**Working data**
◆ ◆ ◆

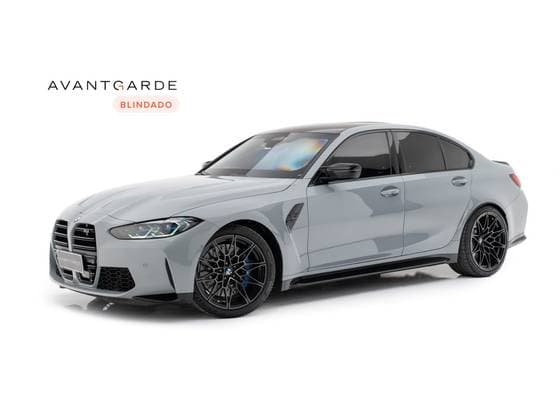 Carro 3.0 I6 TWINTURBO GASOLINA COMPETITION M STEPTRONIC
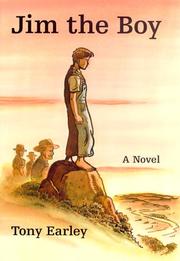 Jim the boy : a novel  Cover Image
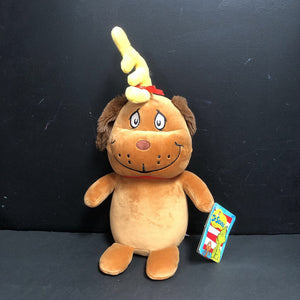 Aurora The Grinch Max Plush (NEW)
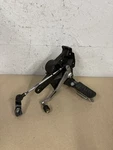 17-23 Kawasaki Ninja ER650 Left Heel Guard Cover Oem #0310. Fixed Price $99.99.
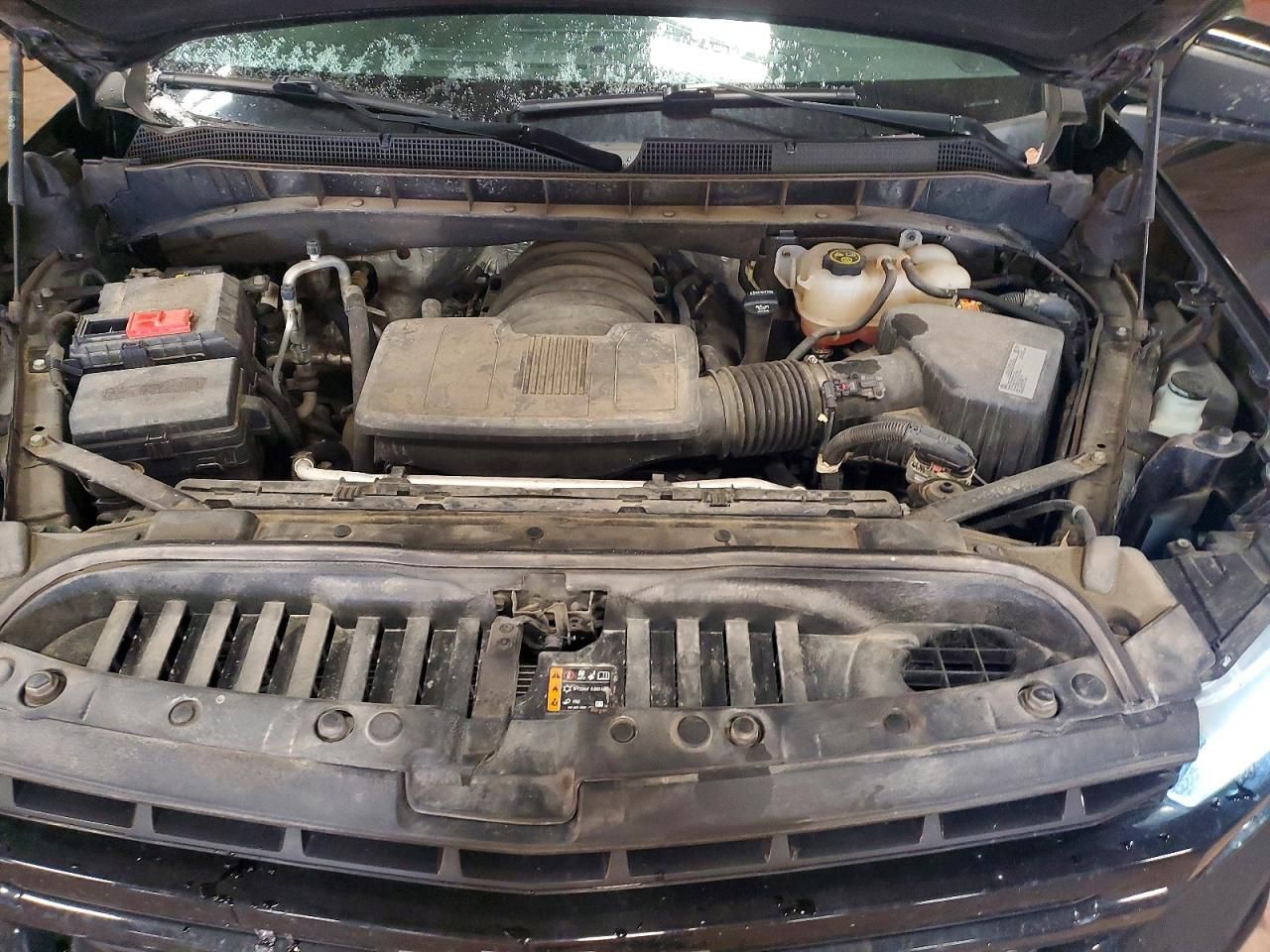 2019 Chevrolet Silverado K1500 LT Trail Boss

◆ ◆ ◆

**The task**
None of the pictures should appear; copy the rest of the material above exactly.

**Task response**
 Carro 3.0 I6 TWINTURBO GASOLINA COMPETITION M STEPTRONIC
 Jim the boy : a novel  Cover Image
 Aurora The Grinch Max Plush (NEW)
 17-23 Kawasaki Ninja ER650 Left Heel Guard Cover Oem #0310. Fixed Price $99.99.
 2019 Chevrolet Silverado K1500 LT Trail Boss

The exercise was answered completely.